_Aim of the exercise_
Set down exactly the lines below, from the one containing "Premium Sweatshirt 1 Premium Sweatshirt" through the final line, and include no others.

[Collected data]
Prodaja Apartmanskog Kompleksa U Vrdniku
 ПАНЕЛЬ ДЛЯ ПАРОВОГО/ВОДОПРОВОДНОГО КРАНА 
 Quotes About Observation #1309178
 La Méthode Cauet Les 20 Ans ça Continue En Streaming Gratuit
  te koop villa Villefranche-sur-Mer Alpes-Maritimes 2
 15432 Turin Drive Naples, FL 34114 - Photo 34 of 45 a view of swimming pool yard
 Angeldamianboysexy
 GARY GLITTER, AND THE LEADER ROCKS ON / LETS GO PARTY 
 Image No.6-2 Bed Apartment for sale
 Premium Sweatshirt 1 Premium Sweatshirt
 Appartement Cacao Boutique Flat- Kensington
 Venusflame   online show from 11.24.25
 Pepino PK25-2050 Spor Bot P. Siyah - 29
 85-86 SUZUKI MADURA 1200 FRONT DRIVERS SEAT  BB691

_Task response_
 Premium Sweatshirt 1 Premium Sweatshirt
 Appartement Cacao Boutique Flat- Kensington
 Venusflame   online show from 11.24.25
 Pepino PK25-2050 Spor Bot P. Siyah - 29
 85-86 SUZUKI MADURA 1200 FRONT DRIVERS SEAT  BB691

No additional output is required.